→ Work item:
Go to the line with "My Resort Huahin By D511 Ngoại thất bức ảnh" in the records below, then output it and each following line exactly, up to and including the line with "Ремонт компьютеров и". Skip pictures and add nothing.

→ Material for the task:
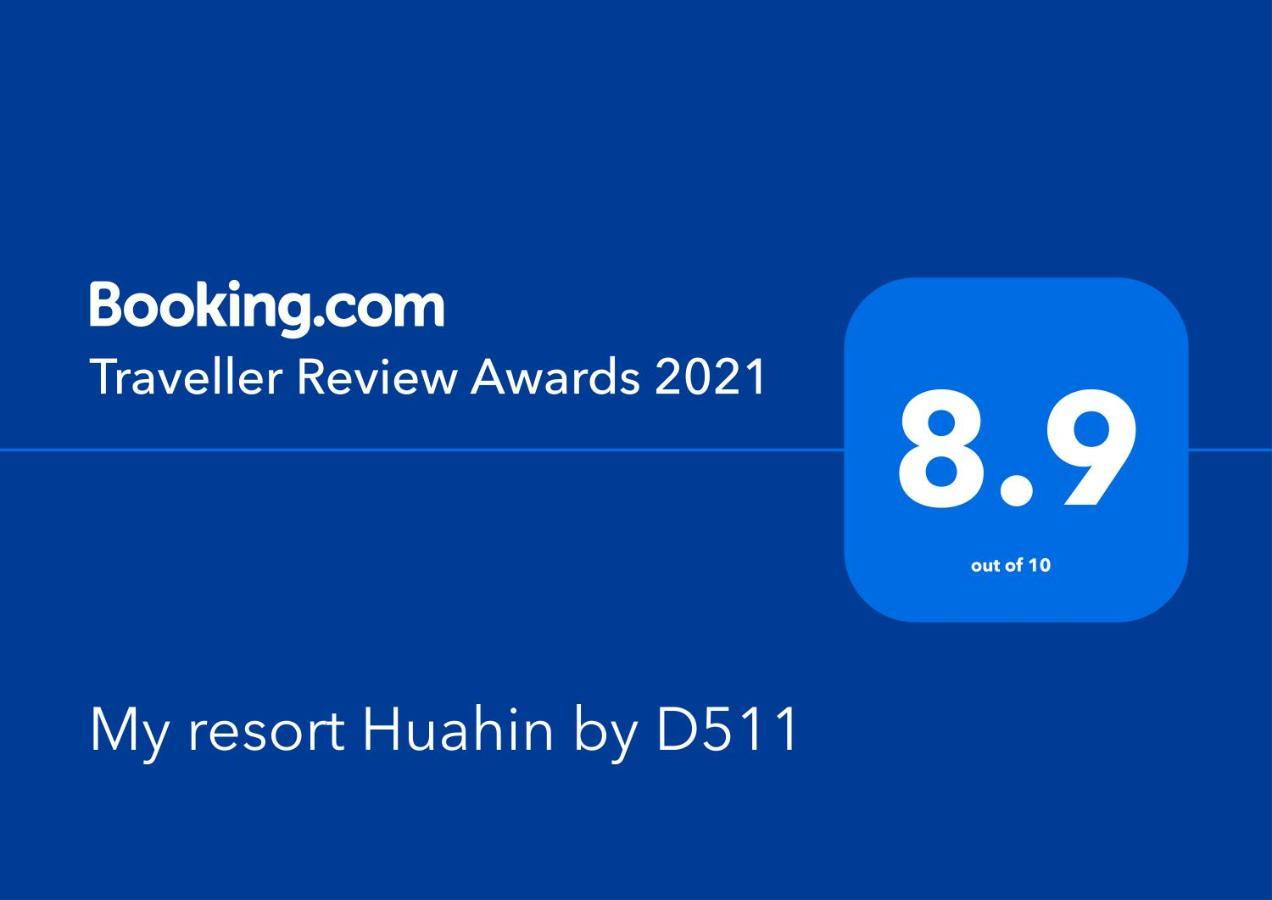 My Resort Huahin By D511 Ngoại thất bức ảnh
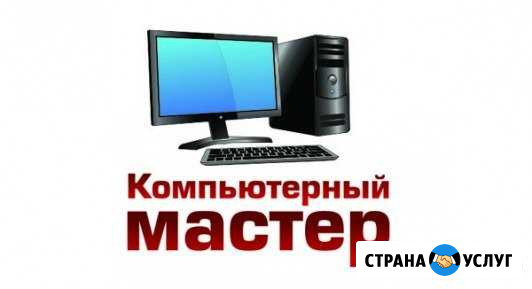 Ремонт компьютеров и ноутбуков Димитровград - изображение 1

* * *

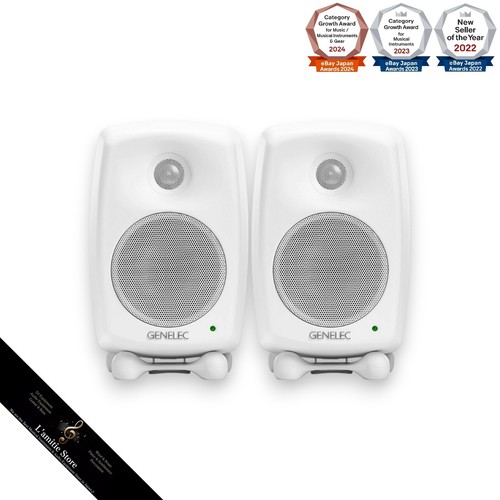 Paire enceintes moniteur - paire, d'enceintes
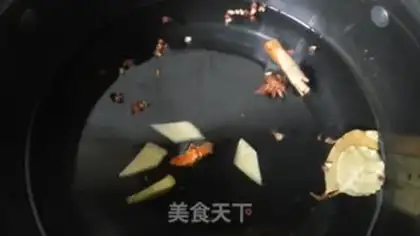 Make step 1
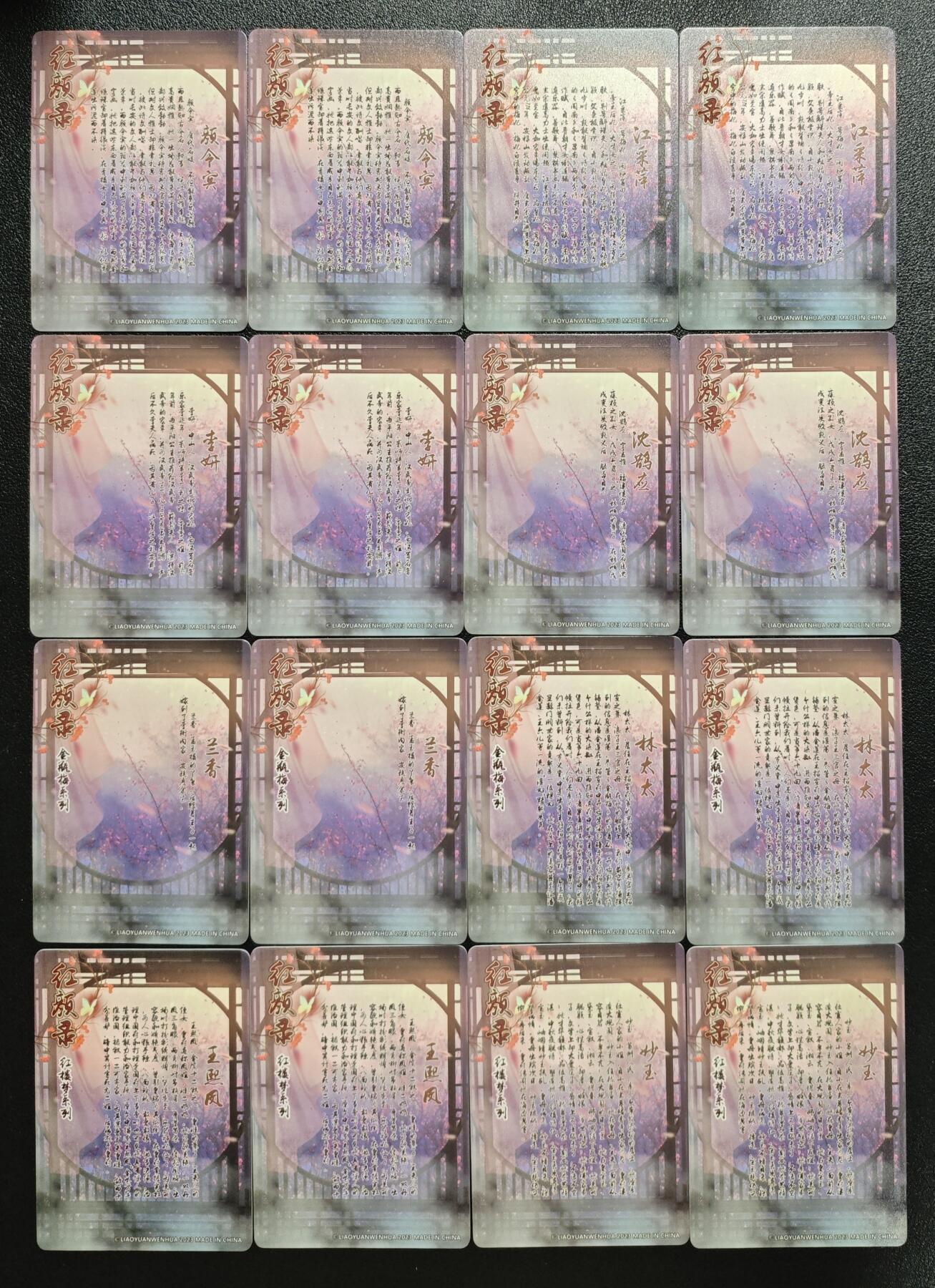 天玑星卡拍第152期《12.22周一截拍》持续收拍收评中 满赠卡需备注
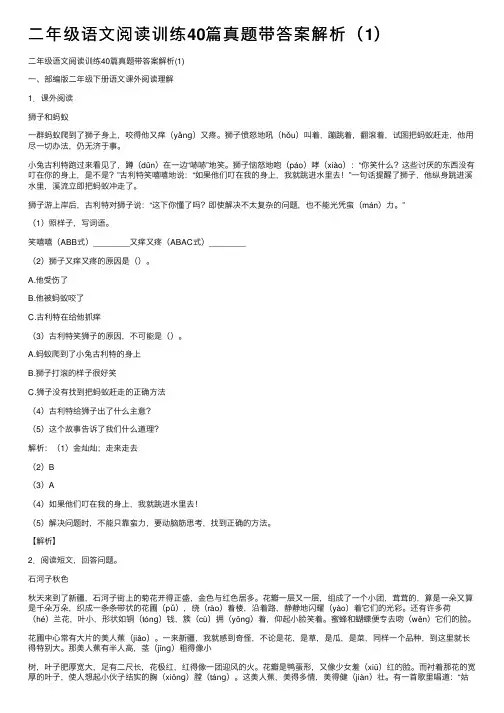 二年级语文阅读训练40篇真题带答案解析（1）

→ Task response:
 My Resort Huahin By D511 Ngoại thất bức ảnh
 Ремонт компьютеров и ноутбуков Димитровград - изображение 1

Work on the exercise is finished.